Ahora que se ha puesto de moda que todos piensen igual, que todos digan lo mismo, que las multitudes aplaudan lo que les dicen desde la TV algunos influencers que alquilan su voz y su rostro, que alquilan su dignidad y apellido a cambio de dinero que pervierte valores y sanciona virtudes, es común entonces que digamos “no pasa nada, nadie protesta, no hay masivas expresiones de rechazo” al abuso, la prepotencia, el avasallamiento de las libertades desde el poder que ejerce la ultraizquierda en el gobierno, amparada por los poderes mediáticos y grupos de presión (contrabando, narcotráfico, trata de personas, tala ilegal, comercio de especies en extinción, pesca negra, minería ilegal, en suma, los minicárteles del poder informal).

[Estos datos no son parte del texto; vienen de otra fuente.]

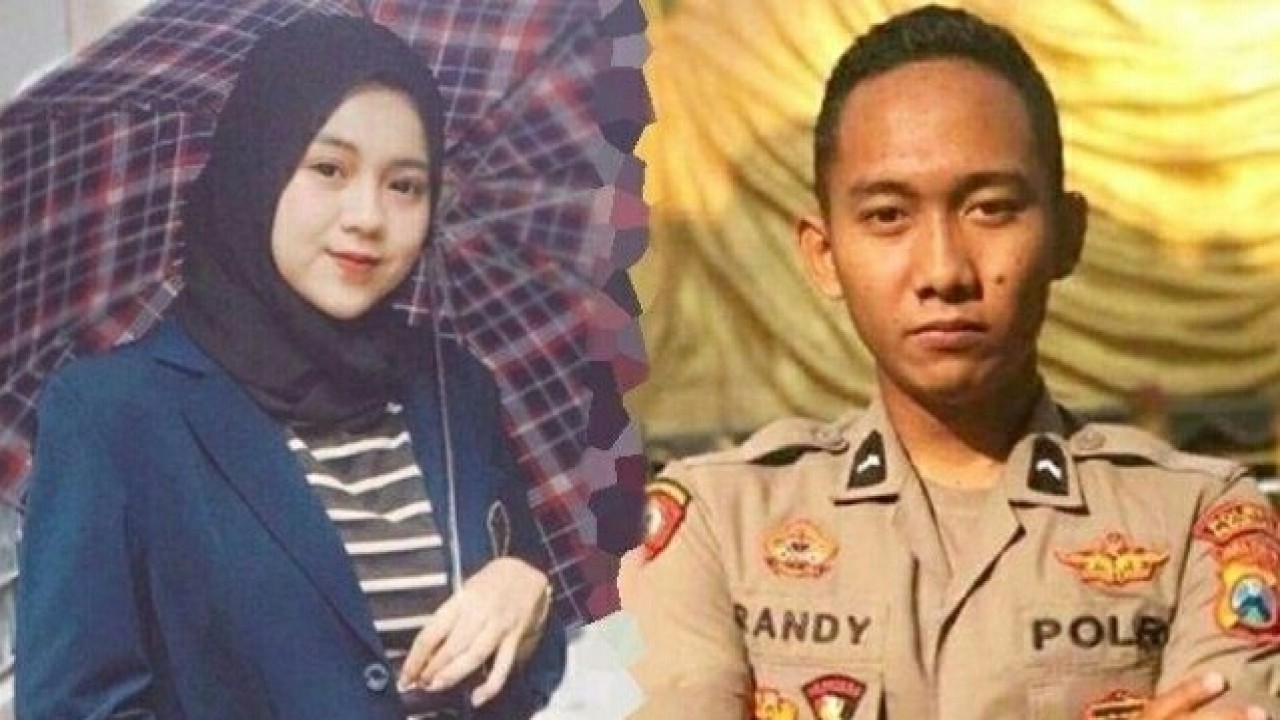 Bripda Randy Bagus dan mantan kekasihnya.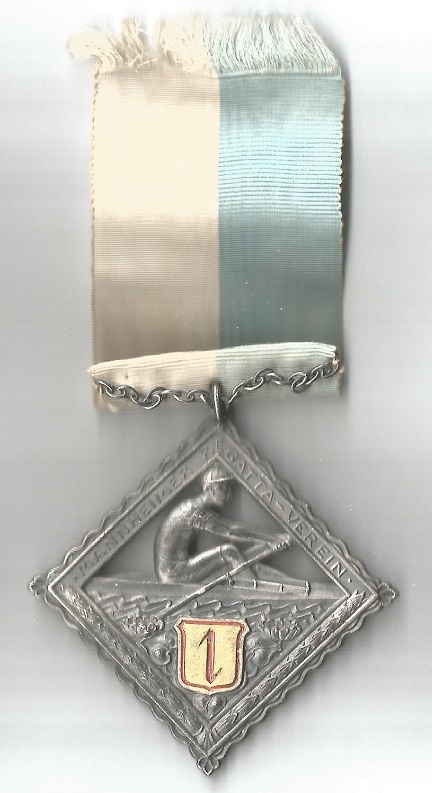 Medal GER 1928 Mannheimer Regatta Verein 45th Oberrheinische Regatta Jubilee Regatta Ludwigshafener RV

Y esto lo comenta perfectamente Jorge Soley en su libro Manual para comprender y resistir a la cultura de la cancelación al afirmar que “la cultura de la cancelación es una visión de la vida social y cultural y unos mecanismos asociados a esta visión que justifican el silenciamiento, la muerte civil, la expulsión de la esfera de lo aceptable, de todos aquellos que no se pliegan a las directrices de lo políticamente correcto. Quienes osan expresarse de modo diferente son rápidamente denunciados y se organiza un linchamiento mediático que lo convierten a uno en alguien poco recomendable, alguien al que hay que expulsar de los medios y redes sociales y que, en ciertas ocasiones, puede llevarte a perder tu puesto de trabajo”.
No hay secretos, nos colocan en el ambiente del conformismo, como señalaba Ricardo Escudero en su “Dictadura del conformismo, silencio de los culpables” (NCSU, conferencia virtual, enero 2022) cuando explicaba que “vivimos en un mundo que nos impone escalas de estupideces que aumentan y se hacen parte del paisaje, de lo cotidiano, que se vuelven escenciales, necesarias para saber que estamos vivos y de rodillas por supuesto. Ocurren estupideces de los responsables del ciudadano, de los gobiernos, de los jueces y fiscales, de congresistas y ministros, frente a lo cual decimos que ‘es común, siempre es lo mismo, ya lo sabíamos.’ ¿Pero es así, tan común todo eso? No, porque estamos respondiendo como autómatas a una manipulación de masas que nos hace aceptar como natural lo anormal, eso es degradante, es más estúpido que la estupidez misma que señalamos. Entonces, somos conformistas, nos inclinamos ante la dictadura del conformismo, somos culpables aceptando que el delito, que la corrupción, que la impunidad son algo normal, que siempre ocurren, que hay otros delitos, otras corrupciones, otras impunidades que son peores y siempre habrán otras peor aún. Nadamos en medio del silencio que nosotros aceptamos como normal, como natural y no nos rebelamos, tenemos miedo de protestar, porque no es natural ahora hacerlo, cuando nos hemos acostumbrado a la estupidez de vivir sin dignidad, de rodillas, aceptando imponernos el silencio nosotros mismos”.
Me pueden decir que no están de acuerdo -claro, sería lo más estúpido que pudiera escuchar de los esclavos del conformismo que no aceptan su vasallaje-, pero tengo que enfrentarlos:
El Perú necesita que se despabilen, que despierten de ese sueño de opio caviar que los tiene adormecidos. El Perú requiere de ciudadanos valientes, que asuman un rol permanente en defensa de sus familias, de la patria que se está desmoronando.
No acepten la dictadura del conformismo, la cultura del silenciamiento. No acepten ser cobardes.